Beijing’s bid should have been laughed out of court on day one considering that the venues it offers for the events are 90 to 160 kilometers outside the city and have little snow. Kazakhstan sought vainly to capitalize on that fact with a slogan,
“Keeping it real,” a swipe at China’s promise to create artificial snow. “Real snow, real winter ambience, real winter games,” said Kazakhstan’s Foreign Ministry.
So Beijing will mostly create snow, using up scarce water resources and formidable amounts of energy in a smog-ridden city.

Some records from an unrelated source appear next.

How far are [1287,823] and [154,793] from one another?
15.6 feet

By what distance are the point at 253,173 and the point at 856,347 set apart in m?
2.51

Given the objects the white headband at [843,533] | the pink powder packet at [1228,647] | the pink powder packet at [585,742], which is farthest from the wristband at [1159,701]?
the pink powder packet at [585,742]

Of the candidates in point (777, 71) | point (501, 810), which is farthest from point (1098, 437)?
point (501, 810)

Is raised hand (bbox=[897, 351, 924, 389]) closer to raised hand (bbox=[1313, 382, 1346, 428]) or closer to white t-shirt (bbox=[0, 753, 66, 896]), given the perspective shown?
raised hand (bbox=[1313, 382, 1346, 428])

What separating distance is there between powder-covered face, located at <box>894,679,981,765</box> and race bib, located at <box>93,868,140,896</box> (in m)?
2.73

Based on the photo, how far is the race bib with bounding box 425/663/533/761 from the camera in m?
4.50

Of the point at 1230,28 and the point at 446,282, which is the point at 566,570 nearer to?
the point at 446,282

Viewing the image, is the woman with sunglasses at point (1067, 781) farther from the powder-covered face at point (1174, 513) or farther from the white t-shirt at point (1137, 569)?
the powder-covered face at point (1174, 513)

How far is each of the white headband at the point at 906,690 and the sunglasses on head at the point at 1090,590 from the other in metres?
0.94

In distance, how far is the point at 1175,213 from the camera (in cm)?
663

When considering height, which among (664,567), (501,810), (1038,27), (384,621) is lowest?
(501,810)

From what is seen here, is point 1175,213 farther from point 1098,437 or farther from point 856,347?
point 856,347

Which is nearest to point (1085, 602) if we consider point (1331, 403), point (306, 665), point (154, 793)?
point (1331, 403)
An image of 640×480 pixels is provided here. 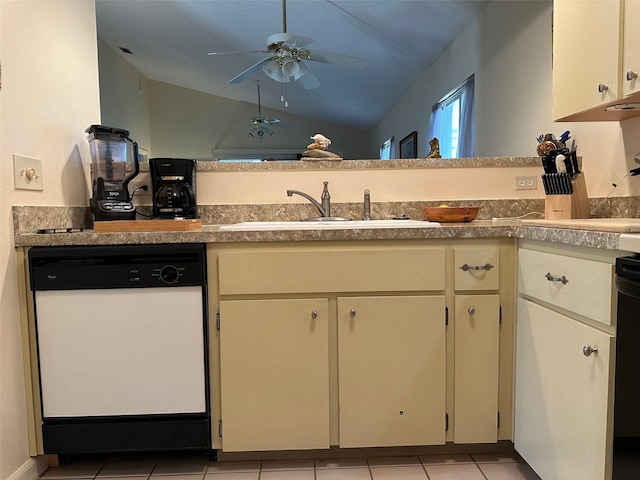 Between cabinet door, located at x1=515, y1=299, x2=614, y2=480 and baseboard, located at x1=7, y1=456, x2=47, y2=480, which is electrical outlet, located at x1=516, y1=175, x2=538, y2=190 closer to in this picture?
cabinet door, located at x1=515, y1=299, x2=614, y2=480

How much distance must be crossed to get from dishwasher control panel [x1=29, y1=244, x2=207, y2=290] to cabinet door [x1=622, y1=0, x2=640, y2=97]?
1435 millimetres

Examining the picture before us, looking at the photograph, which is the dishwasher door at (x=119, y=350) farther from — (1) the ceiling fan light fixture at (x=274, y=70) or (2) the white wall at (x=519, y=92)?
(1) the ceiling fan light fixture at (x=274, y=70)

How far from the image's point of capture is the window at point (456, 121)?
3.25 metres

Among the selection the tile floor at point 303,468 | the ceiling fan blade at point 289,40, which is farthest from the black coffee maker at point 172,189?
the ceiling fan blade at point 289,40

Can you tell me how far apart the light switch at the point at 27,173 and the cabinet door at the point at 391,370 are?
1.15 m

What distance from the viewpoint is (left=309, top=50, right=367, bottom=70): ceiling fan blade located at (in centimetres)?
321

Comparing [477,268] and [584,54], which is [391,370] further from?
[584,54]

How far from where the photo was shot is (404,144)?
498 cm

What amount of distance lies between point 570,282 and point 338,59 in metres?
2.70

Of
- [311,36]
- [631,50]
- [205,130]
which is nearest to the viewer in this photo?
[631,50]

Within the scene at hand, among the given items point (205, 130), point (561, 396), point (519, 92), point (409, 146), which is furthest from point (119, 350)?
point (205, 130)

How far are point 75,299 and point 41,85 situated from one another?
0.80 m

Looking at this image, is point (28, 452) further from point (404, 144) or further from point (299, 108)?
point (299, 108)

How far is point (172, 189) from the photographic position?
179cm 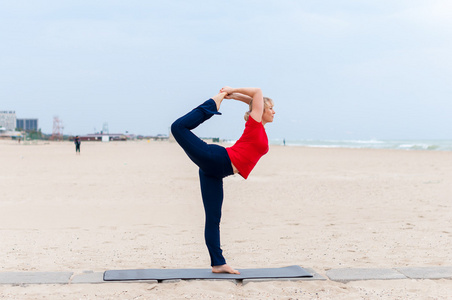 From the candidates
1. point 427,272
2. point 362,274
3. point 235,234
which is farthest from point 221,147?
point 235,234

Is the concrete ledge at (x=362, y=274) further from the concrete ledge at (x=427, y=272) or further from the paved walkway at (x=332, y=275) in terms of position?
the concrete ledge at (x=427, y=272)

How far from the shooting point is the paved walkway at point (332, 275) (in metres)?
4.52

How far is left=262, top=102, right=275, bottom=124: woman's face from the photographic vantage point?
4543 mm

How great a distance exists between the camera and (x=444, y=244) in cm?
636

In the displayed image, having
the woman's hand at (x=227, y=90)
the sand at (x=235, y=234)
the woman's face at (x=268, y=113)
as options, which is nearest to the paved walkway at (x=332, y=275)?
the sand at (x=235, y=234)

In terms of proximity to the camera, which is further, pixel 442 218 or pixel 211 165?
pixel 442 218

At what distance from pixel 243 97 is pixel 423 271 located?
271cm

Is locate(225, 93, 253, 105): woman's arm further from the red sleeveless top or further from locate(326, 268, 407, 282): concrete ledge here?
locate(326, 268, 407, 282): concrete ledge

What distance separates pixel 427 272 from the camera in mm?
4836

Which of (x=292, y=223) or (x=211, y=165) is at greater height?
(x=211, y=165)

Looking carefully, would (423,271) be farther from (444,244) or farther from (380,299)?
(444,244)

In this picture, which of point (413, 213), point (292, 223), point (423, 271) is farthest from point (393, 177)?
point (423, 271)

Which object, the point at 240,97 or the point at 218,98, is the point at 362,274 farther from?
the point at 218,98

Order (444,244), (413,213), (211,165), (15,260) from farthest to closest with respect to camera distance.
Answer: (413,213) → (444,244) → (15,260) → (211,165) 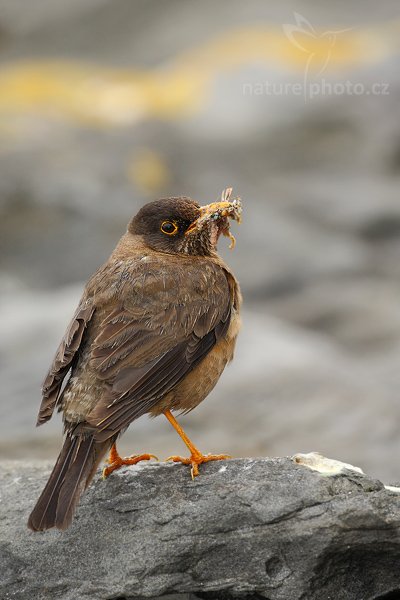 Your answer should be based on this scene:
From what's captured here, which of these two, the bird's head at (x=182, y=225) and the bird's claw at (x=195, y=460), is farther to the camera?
the bird's head at (x=182, y=225)

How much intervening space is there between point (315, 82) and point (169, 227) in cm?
1356

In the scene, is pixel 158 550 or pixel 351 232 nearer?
pixel 158 550

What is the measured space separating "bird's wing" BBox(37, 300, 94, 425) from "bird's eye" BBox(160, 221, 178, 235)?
1.22 m

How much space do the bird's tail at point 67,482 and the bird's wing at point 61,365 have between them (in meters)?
0.34

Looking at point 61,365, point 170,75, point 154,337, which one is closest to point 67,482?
point 61,365

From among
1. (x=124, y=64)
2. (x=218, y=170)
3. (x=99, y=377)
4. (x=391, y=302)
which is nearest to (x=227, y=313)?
(x=99, y=377)

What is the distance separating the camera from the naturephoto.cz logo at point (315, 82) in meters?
20.8

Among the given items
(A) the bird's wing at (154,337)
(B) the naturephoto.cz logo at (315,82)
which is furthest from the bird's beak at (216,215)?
(B) the naturephoto.cz logo at (315,82)

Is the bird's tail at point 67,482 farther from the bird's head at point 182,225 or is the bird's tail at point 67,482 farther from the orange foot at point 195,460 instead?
the bird's head at point 182,225

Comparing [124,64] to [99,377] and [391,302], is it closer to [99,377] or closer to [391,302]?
[391,302]

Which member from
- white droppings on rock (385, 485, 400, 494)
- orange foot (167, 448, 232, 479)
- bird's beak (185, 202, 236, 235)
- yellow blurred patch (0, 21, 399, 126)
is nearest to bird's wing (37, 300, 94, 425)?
orange foot (167, 448, 232, 479)

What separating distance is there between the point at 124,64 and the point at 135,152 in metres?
3.80

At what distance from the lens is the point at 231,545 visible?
631 centimetres

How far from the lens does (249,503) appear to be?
21.2 feet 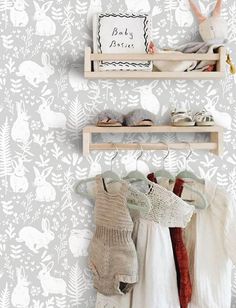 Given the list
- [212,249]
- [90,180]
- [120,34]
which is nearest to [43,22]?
[120,34]

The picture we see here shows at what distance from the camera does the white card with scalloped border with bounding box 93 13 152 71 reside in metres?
1.75

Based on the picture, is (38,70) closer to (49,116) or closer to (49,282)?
(49,116)

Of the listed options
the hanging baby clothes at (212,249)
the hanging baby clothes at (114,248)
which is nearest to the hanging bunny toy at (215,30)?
the hanging baby clothes at (212,249)

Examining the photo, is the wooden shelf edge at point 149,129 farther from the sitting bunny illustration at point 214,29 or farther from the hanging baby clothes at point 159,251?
the sitting bunny illustration at point 214,29

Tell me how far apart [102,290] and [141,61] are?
852 mm

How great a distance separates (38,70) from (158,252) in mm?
831

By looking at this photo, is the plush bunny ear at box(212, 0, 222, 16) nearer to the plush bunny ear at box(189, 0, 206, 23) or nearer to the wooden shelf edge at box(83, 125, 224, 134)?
the plush bunny ear at box(189, 0, 206, 23)

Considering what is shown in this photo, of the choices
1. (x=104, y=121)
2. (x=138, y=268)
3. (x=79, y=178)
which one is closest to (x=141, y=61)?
(x=104, y=121)

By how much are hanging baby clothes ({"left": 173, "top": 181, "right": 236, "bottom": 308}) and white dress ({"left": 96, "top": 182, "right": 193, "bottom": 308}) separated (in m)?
0.09

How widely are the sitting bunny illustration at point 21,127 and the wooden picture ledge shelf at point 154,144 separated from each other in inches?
10.5

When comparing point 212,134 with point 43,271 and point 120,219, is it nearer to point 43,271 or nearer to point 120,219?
point 120,219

“You do have to laugh a little bit at the concept of a winter games in a place that doesn’t get snow,” said one critic.
Thus the award is a setback for environmental issues as well as winter sports lovers. Nor does the region offer anything in the way of spectacular scenery.
That is in contrast to the city of Almaty, still Kazakhstan’s largest city and a major commercial center with a population of about 1.2 million. It lies in the foothills of the Tian Shan mountains and the sports venues would have been just outside the city, using plentiful real stuff.
The mountain scenery is spectacular and Almaty itself is readily accessible by direct air links to many locations in east and Southeast Asia and Europe. Almaty also has had plenty of experience with organizing events both as a former part of the Soviet Union and since independence. Nonetheless, if anything, Kazakhstan should be feeling a good deal of relief about the huge amount of money it isn’t going to have to shell out to build extensive stadium facilities and other venues.
Unfortunately for the Kazaks, their vastly superior bid was undone not just by Chinese bullying but the presence of the lingering ignorance and disregard for the country, which like most of the ‘stans, is a black hole to much of the rest of the world. It has also suffered from the impression left by the British Jewish racist so-called comedian Baron Sacha Cohen, who presented it in the movie Borat as a urine-drinking, wife-beating, cow-punching, sister-screwing, prostitute-ridden, Muslim, anti-Semitic nation speaking some weird gobbledygook language.
It is an image that is nonsense. The World Bank’s International Finance Corporation, for instance, reports that more companies across Kazakhstan are adopting international standards in corporate governance. It is a resource-rich country that is growing up. It may be true that its politics are bizarre. Its only president from the time of its breakaway from the Soviet Union is Nursultan Nazarbayev, who remains uncommonly popular, with US-run opinion polls giving him an approval rating of a stratospheric 90 percent. Some of that may well be from people who were afraid to voice their opposition to a stranger. But even his opponents say he would likely get 60-70 percent of the votes in a truly fair election.
And its politics are hardly more bizarre than Beijing’s, given the extraordinary efforts the country goes to in the campaign to keep an eye on its own citizens. It isn’t as if the games have always rtbeen awarded to bastions of democracy. After all, they went to Germany in 1936, where Adolf Hitler presided at the opening ceremony.